### REQUIREMENT
Repeat the span of the entries below that starts at the line with "Eine Frau mit" and ends at the line with "Oszustwo podczas zakupu", nothing more. Skip the pictures.

### ENTRIES PROVIDED
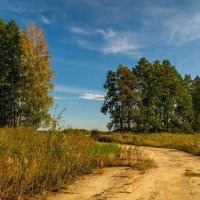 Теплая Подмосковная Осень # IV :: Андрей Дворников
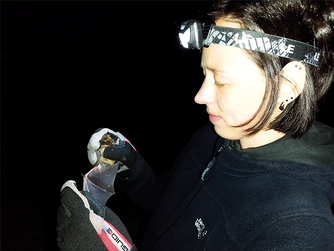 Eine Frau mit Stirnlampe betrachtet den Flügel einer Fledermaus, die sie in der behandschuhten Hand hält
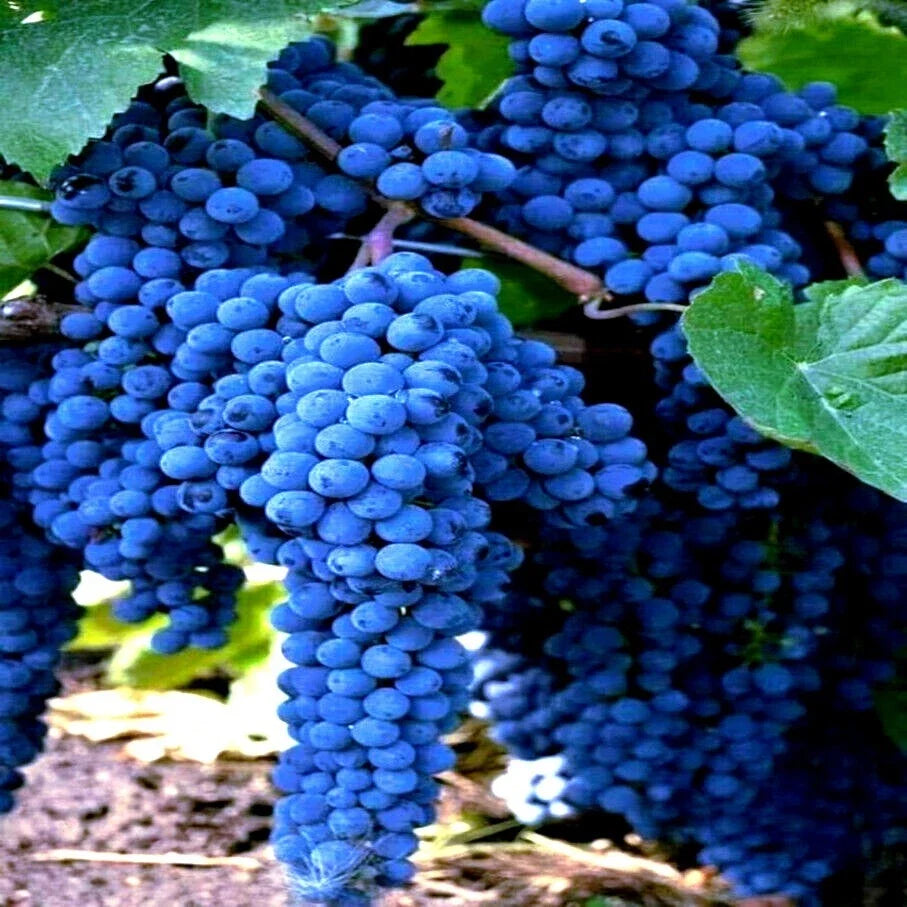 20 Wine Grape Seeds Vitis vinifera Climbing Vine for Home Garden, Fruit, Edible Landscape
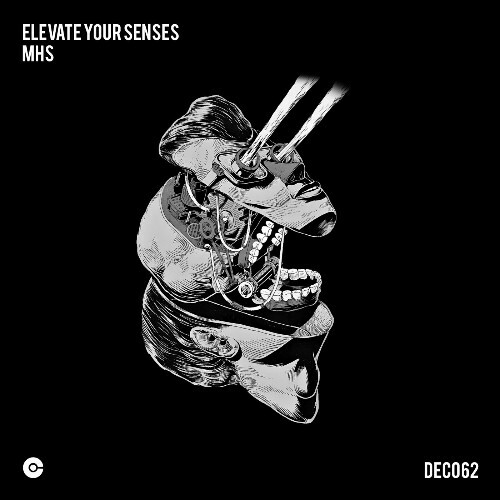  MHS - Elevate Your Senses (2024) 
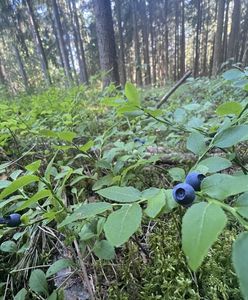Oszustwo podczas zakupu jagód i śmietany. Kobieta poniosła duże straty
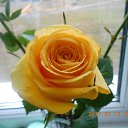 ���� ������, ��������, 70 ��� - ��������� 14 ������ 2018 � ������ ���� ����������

* * *

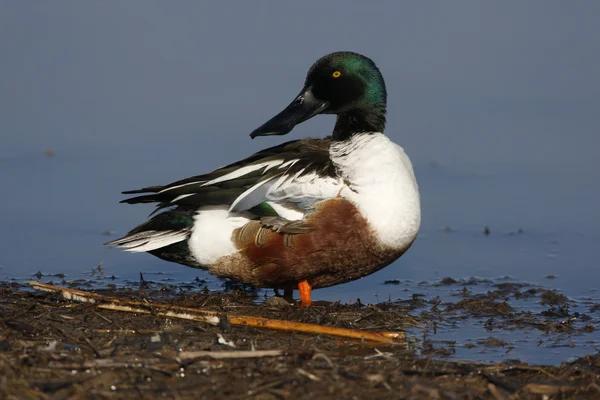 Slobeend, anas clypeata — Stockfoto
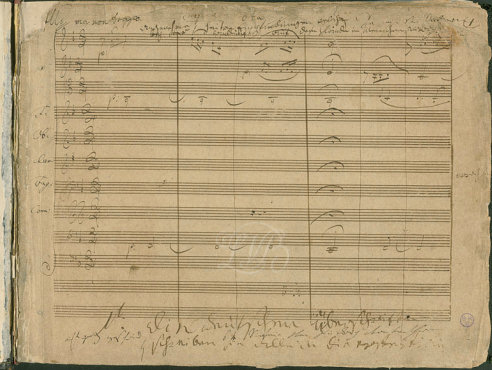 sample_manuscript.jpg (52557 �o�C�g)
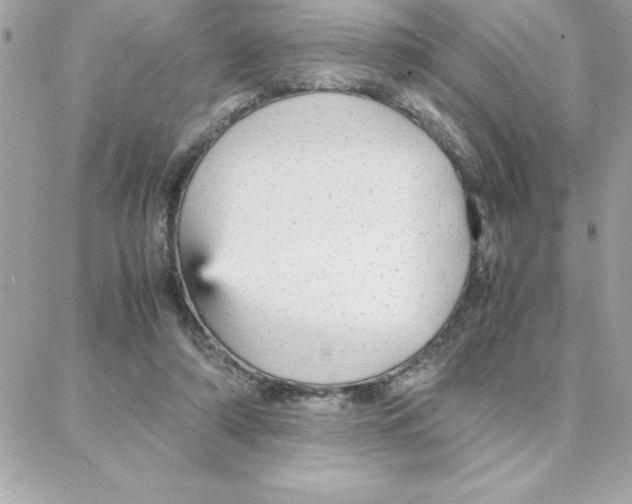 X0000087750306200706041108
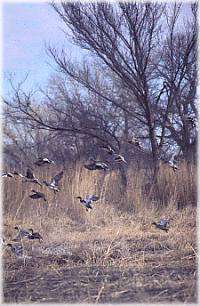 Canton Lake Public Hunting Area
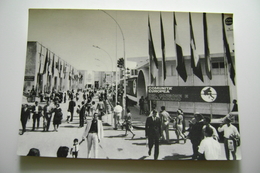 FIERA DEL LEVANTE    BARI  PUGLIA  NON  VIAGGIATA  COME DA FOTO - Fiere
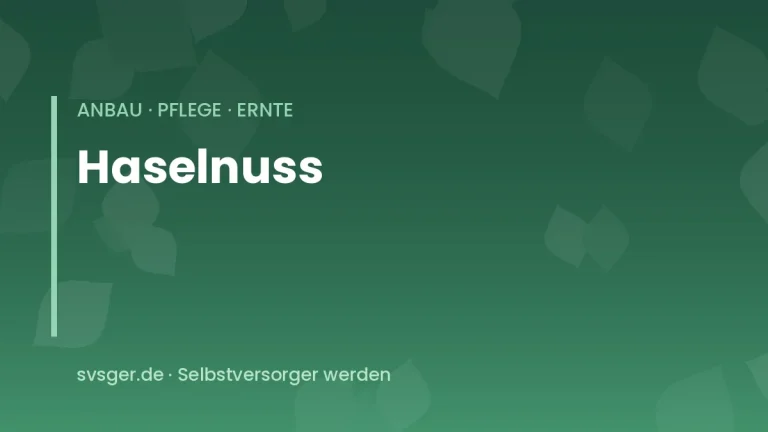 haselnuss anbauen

### REPLY TO THE TASK
 Eine Frau mit Stirnlampe betrachtet den Flügel einer Fledermaus, die sie in der behandschuhten Hand hält
 20 Wine Grape Seeds Vitis vinifera Climbing Vine for Home Garden, Fruit, Edible Landscape
  MHS - Elevate Your Senses (2024) 
Oszustwo podczas zakupu jagód i śmietany. Kobieta poniosła duże straty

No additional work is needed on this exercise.